**Work to be completed**
Write each line out exactly, from the one containing "A Dunaferr iskola" through the final line of the data, and keep pictures out of the copy.

○ ○ ○ ○

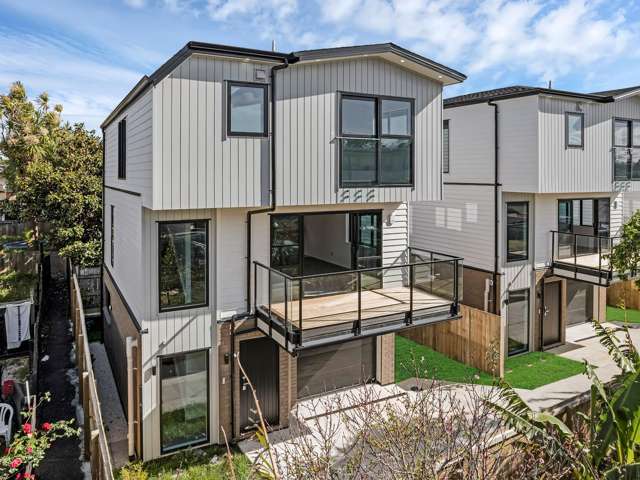 Golden Opportunity – Standalone Living
Offers Over $999,000 | Brand New Brick Home | High Income Potential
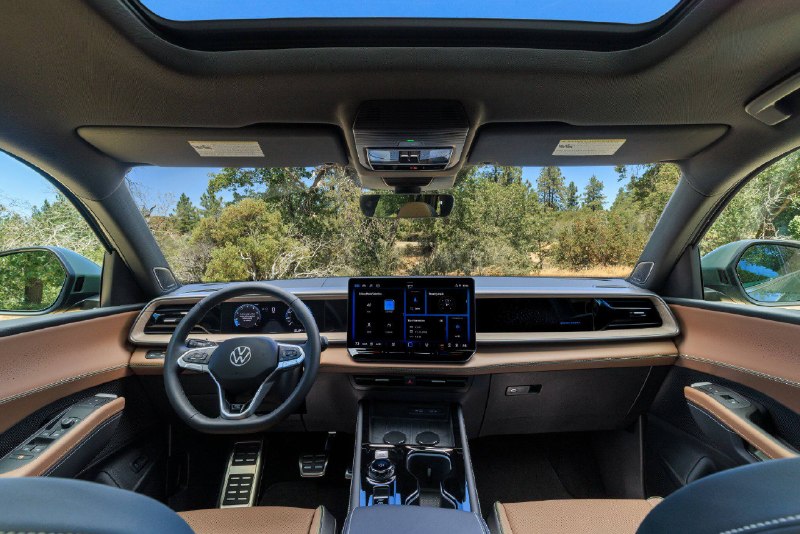 Volkswagen Atlas Cross Sport вышел на американский рынок: подробности и оснащение Volkswagen Atlas Cross Sport вышел на американский рынок: подробности и оснащение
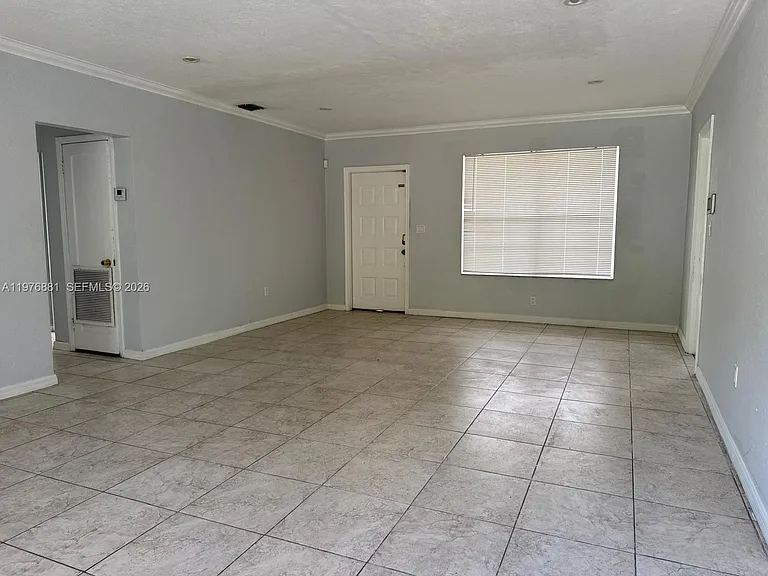 16981 NE 8th Ct — Photo 15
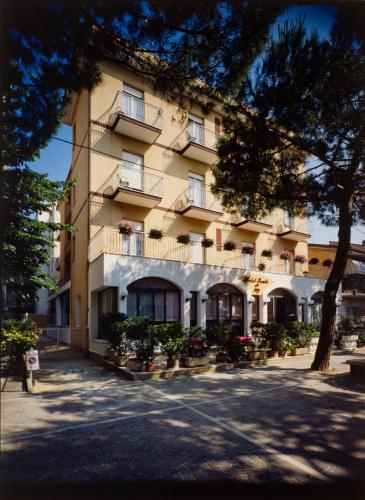 

Hotel Tonti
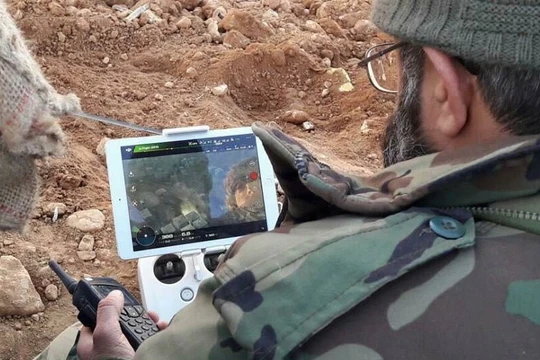 Sĩ quan quân đội Syria sử dụng drone điều khiển hỏa lực trong quận Al-Qaboun, ngoại ô Damascus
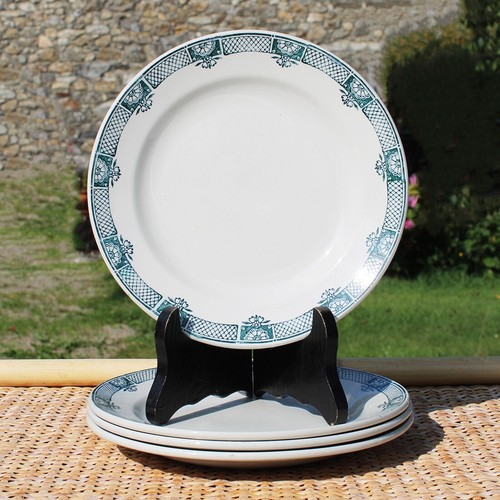 Ensemble assiettes à - ensemble, de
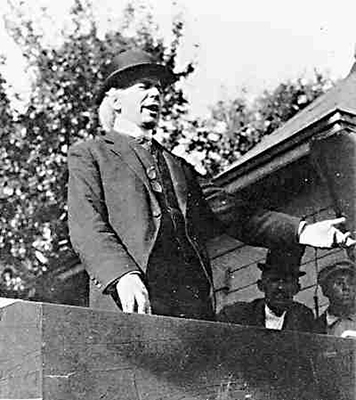 Photo of Wilfrid Laurier giving a speech from a raised platform.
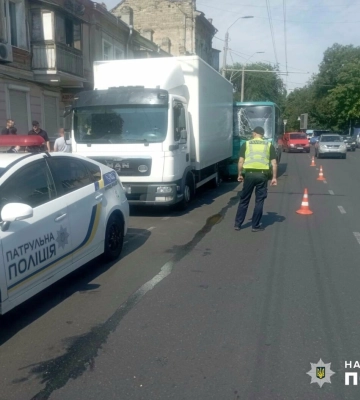 В Одесі маршрутка врізалась у припарковану вантажівку: шість людей травмувались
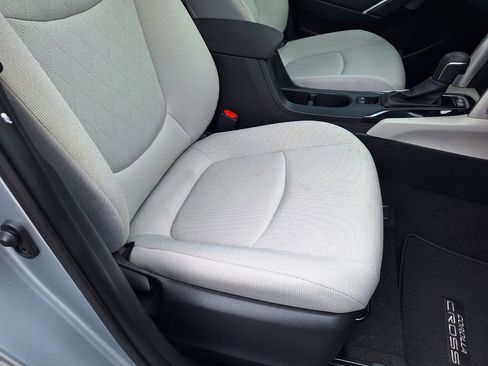 Used 2024 Toyota Corolla Cross LE w/ Moonroof Package image 25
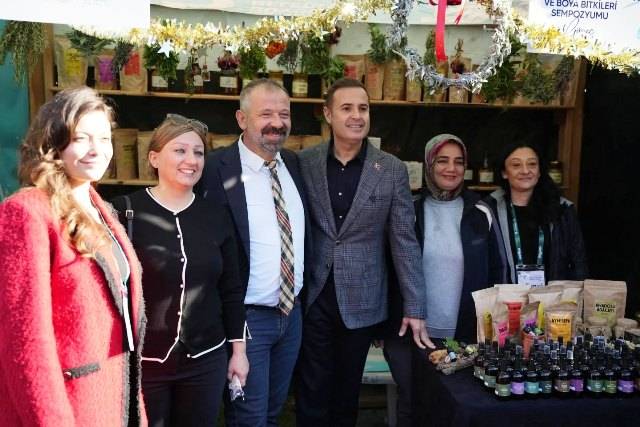 Gömeç’te Kuzey Ege Ekolojik Yılbaşı Pazarı Açıldı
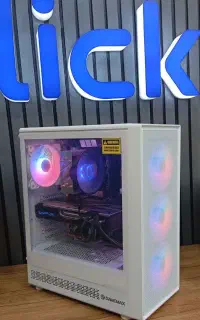 کیس Game Max . گرافیگ 8گیگ RX580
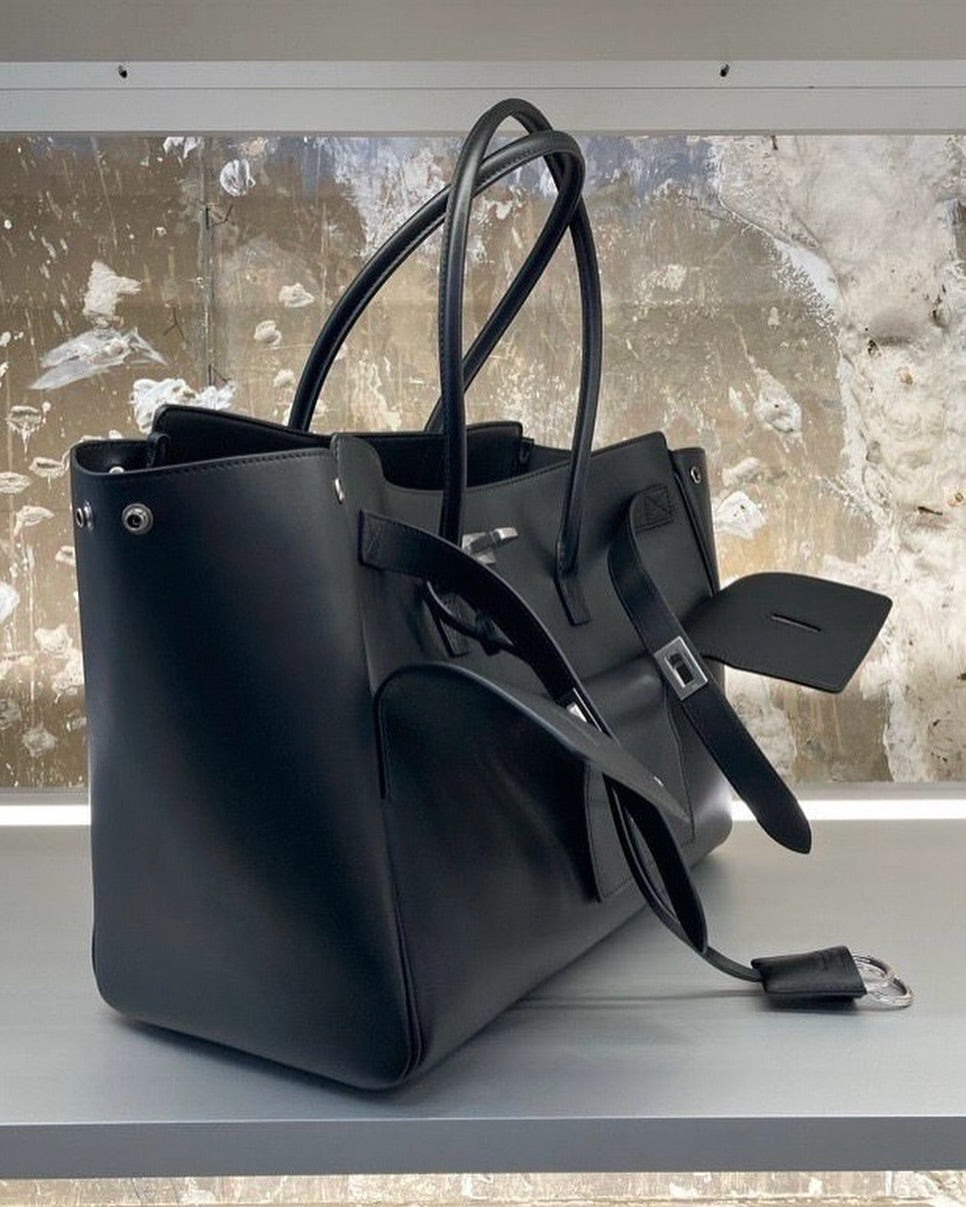 Sophisticated Leather Tote - Image 11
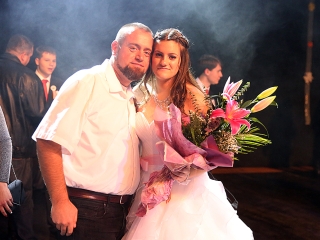 A Dunaferr iskola szalagavatója a sportcsarnokban  - fotó: Sándor Judit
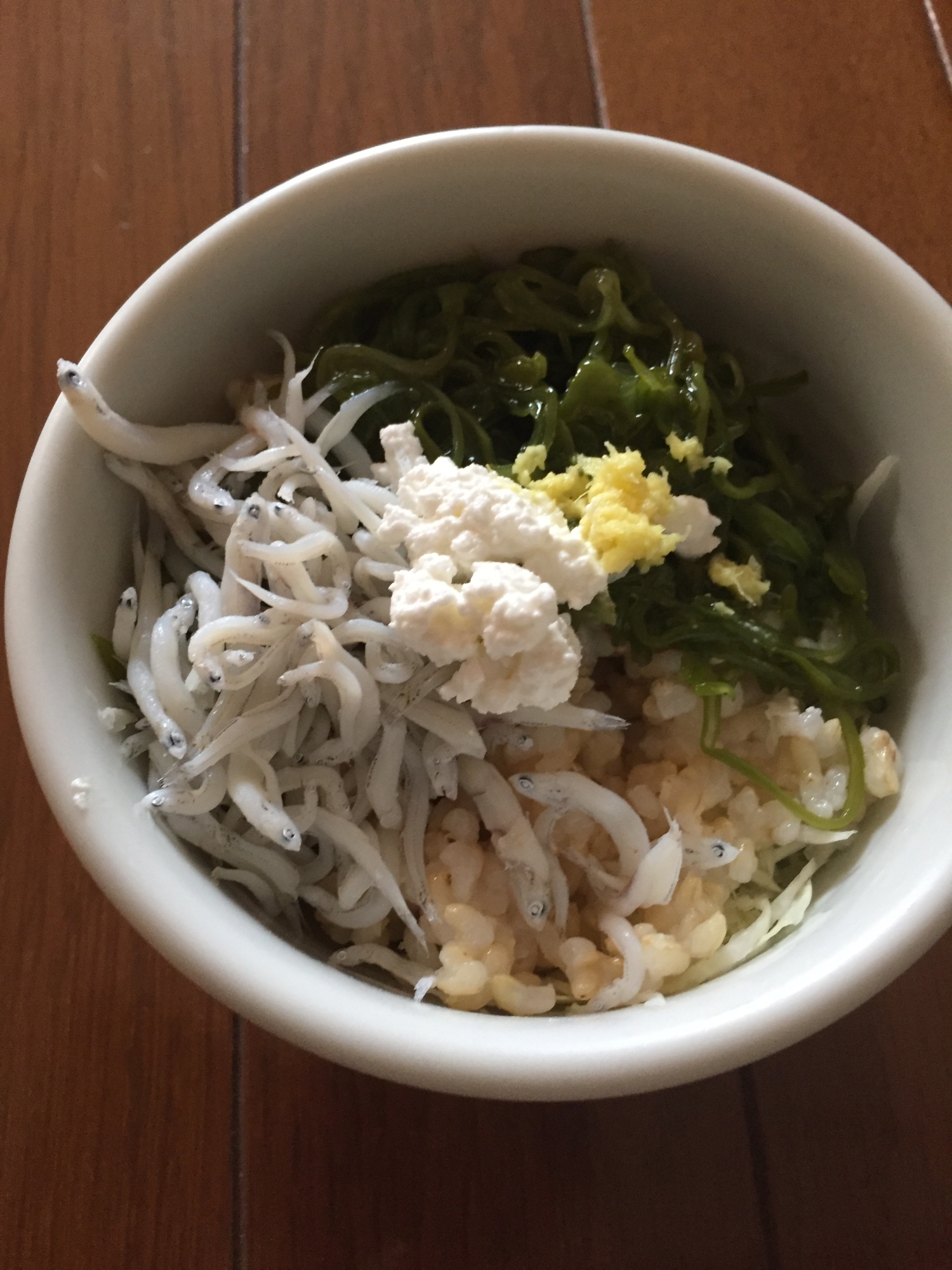 めかぶとしらすのカッテージチーズがけのとろみ丼！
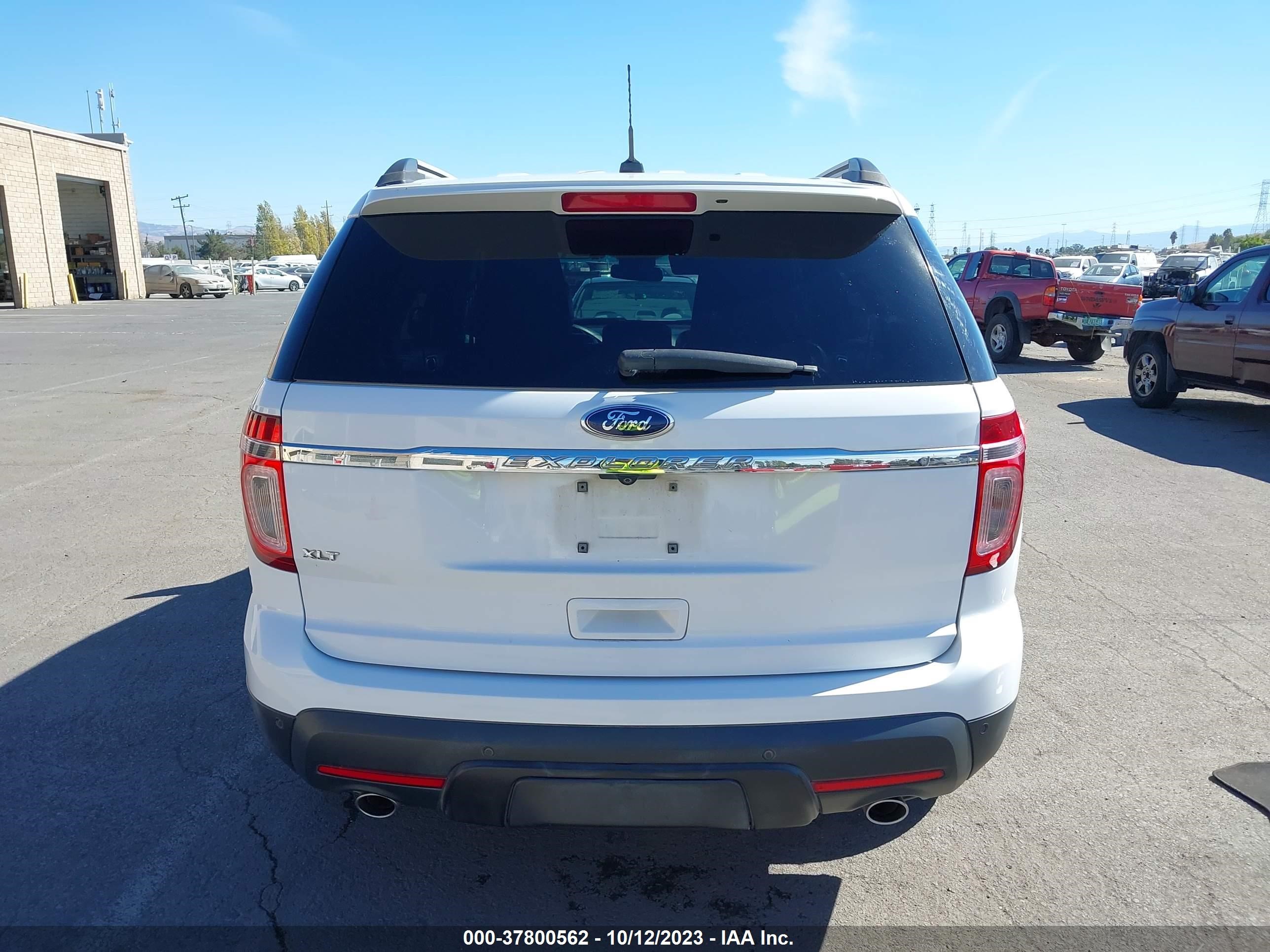 Photo 15 VIN: 1FM5K7D84DGB84232 - FORD EXPLORER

○ ○ ○ ○

**Reply to the task**
 A Dunaferr iskola szalagavatója a sportcsarnokban  - fotó: Sándor Judit
 めかぶとしらすのカッテージチーズがけのとろみ丼！
 Photo 15 VIN: 1FM5K7D84DGB84232 - FORD EXPLORER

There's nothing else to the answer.